The story so far: the real shock after the feds failed to bail out Lehman Brothers wasn't the plunge in the Dow, it was the reaction of the credit markets. Basically, lenders went on strike: U.S. government debt, which is still perceived as the safest of all investments — if the government goes bust, what is anything else worth? — was snapped up even though it paid essentially nothing, while would-be private borrowers were frozen out.
Thus, banks are normally able to borrow from each other at rates just slightly above the interest rate on U.S. Treasury bills. But Thursday morning, the average interest rate on three-month interbank borrowing was 3.2 percent, while the interest rate on the corresponding Treasuries was 0.05 percent. No, that's not a misprint.
This flight to safety has cut off credit to many businesses, including major players in the financial industry — and that, in turn, is setting us up for more big failures and further panic. It's also depressing business spending, a bad thing as signs gather that the economic slump is deepening.
And the Federal Reserve, which normally takes the lead in fighting recessions, can't do much this time because the standard tools of monetary policy have lost their grip. Usually the Fed responds to economic weakness by buying up Treasury bills, in order to drive interest rates down. But the interest rate on Treasuries is already zero, for all practical purposes; what more can the Fed do?
Well, it can lend money to the private sector — and it's been doing that on an awesome scale. But this lending hasn't kept the situation from deteriorating.
There's only one bright spot in the picture: interest rates on mortgages have come down sharply since the federal government took over Fannie Mae and Freddie Mac, and guaranteed their debt. And there's a lesson there for those ready to hear it: government takeovers may be the only way to get the financial system working again.

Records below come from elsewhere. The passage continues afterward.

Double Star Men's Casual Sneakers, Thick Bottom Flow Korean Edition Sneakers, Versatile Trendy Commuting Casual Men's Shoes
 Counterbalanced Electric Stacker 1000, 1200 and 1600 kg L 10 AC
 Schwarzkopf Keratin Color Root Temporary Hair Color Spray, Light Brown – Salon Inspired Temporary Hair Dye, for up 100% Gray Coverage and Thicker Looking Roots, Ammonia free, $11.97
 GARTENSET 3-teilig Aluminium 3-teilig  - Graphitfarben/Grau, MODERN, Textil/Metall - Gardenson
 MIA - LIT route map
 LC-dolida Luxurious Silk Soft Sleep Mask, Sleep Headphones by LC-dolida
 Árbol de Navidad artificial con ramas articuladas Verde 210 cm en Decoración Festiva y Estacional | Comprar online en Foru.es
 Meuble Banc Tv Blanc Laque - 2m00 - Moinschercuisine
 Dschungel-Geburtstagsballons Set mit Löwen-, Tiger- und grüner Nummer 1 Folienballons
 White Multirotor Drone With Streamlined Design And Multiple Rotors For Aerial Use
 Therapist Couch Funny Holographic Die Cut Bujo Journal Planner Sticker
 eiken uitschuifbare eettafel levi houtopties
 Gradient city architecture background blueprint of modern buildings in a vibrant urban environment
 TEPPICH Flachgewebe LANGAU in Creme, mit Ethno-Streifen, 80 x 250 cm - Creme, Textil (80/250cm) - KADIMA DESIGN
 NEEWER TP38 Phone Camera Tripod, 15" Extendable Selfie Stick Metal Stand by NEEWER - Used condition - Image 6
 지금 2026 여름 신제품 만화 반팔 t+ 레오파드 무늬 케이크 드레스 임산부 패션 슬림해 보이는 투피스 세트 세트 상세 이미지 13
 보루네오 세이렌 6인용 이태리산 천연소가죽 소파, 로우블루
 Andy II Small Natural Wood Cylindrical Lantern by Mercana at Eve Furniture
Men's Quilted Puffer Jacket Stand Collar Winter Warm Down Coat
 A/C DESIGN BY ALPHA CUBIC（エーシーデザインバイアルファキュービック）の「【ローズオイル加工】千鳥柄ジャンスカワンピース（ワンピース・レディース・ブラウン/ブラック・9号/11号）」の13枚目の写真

Some people have been making that argument for some time. Most recently, Paul Volcker, the former Fed chairman, and two other veterans of past financial crises published an op-ed in The Wall Street Journal declaring that the only way to avoid "the mother of all credit contractions" is to create a new government agency to "buy up the troubled paper" — that is, to have taxpayers take over the bad assets created by the bursting of the housing and credit bubbles. Coming from Mr. Volcker, that proposal has serious credibility.
Influential members of Congress, including Hillary Clinton and Barney Frank, the chairman of the House Financial Services Committee, have been making similar arguments. And on Thursday, Charles Schumer, the chairman of the Senate Finance Committee (and an advocate of creating a new agency to resolve the financial crisis) told reporters that "the Federal Reserve and the Treasury are realizing that we need a more comprehensive solution." Sure enough, Thursday night Ben Bernanke and Mr. Paulson met with Congressional leaders to discuss a "comprehensive approach" to the problem.
We don't know yet what that "comprehensive approach" will look like. There have been hopeful comparisons to the financial rescue the Swedish government carried out in the early 1990s, a rescue that involved a temporary public takeover of a large part of the country's financial system. It's not clear, however, whether policy makers in Washington are prepared to exert a comparable degree of control. And if they aren't, this could turn into the wrong kind of rescue — a bailout of stockholders as well as the market, in effect rescuing the financial industry from the consequences of its own greed.
Furthermore, even a well-designed rescue would cost a lot of money. The Swedish government laid out 4 percent of G.D.P., which in our case would be a cool $600 billion — although the final burden to Swedish taxpayers was much less, because the government was eventually able to sell off the assets it had acquired, in some cases at a handsome profit.
But it's no use whining (sorry, Senator Gramm) about the prospect of a financial rescue plan. Today's U.S. political system isn't going to follow Andrew Mellon's infamous advice to Herbert Hoover: "Liquidate labor, liquidate stocks, liquidate the farmers, liquidate real estate." The big buyout is coming; the only question is whether it will be done right.